Is this called resistance?

Last week, the War Resisters Support Campaign and the Council of Canadians brought US peace activist Cindy Sheehan to Ottawa to speak at a news…

Last week, the War Resisters Support Campaign and the Council of Canadians brought US peace activist Cindy Sheehan to Ottawa to speak at a news conference, appealing to the government to offer sanctuary to American war resisters.

Now, nobody is expecting this endeavour to bear fruit any time soon.

Stephen Harper is as likely to don a tutu and perform Swan Lake as he is to open the borders to US military deserters, and no one knows that better than the Council of Canadians.

The point in bringing in a celebrity activist like Cindy Sheehan is to get public attention to your cause, and to get people to consider it as a real alternative, because once a notion takes hold in the national consciousness it can easily outlive recalcitrant governments.

The issue Sheehan raises is an emotional one for Canadians.

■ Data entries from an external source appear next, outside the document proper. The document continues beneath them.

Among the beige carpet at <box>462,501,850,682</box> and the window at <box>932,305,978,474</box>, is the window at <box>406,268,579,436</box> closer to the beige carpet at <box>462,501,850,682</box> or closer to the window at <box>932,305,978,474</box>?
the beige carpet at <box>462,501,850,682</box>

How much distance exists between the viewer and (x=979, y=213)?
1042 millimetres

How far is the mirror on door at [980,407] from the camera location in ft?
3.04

Most oppose the war in Iraq and Afghanistan, Iraq, and the torture in Bagram, Abu Graib, and Guantanamo, and many are of us are appalled at the trickery and the aggressive campaigning the US military uses to recruit kids in poor neighborhoods with few other prospects in life, and at the imbalance of poor and black Americans who end up in the army.

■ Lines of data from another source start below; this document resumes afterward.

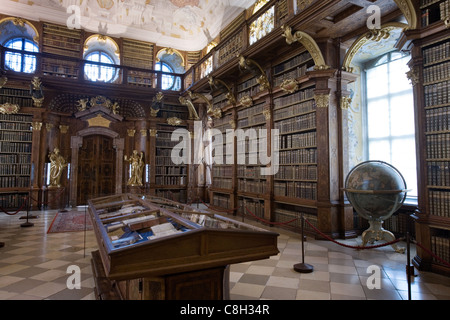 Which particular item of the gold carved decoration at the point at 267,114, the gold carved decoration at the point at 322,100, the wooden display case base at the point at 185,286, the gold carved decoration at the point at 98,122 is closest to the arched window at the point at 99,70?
the gold carved decoration at the point at 98,122

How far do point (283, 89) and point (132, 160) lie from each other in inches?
272

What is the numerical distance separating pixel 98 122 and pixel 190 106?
146 inches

A lot of Canadians are old enough to remember the draft dodgers from the Vietnam War, and how good it felt to be a safe haven for boys who were about to be shipped off against their will to drop napalm on villagers, how proud we were to be on the side of peace.

It would be great to feel the same about Iraq, but are the circumstances similar enough to justify opening the borders to war resisters again?

Every soldier knows the army isn’t a democracy, and you don’t get to pick and choose your battles.

If you sign up, you might have to fight, and you may not always agree with the war.

The argument against this is that Iraq is an illegal war.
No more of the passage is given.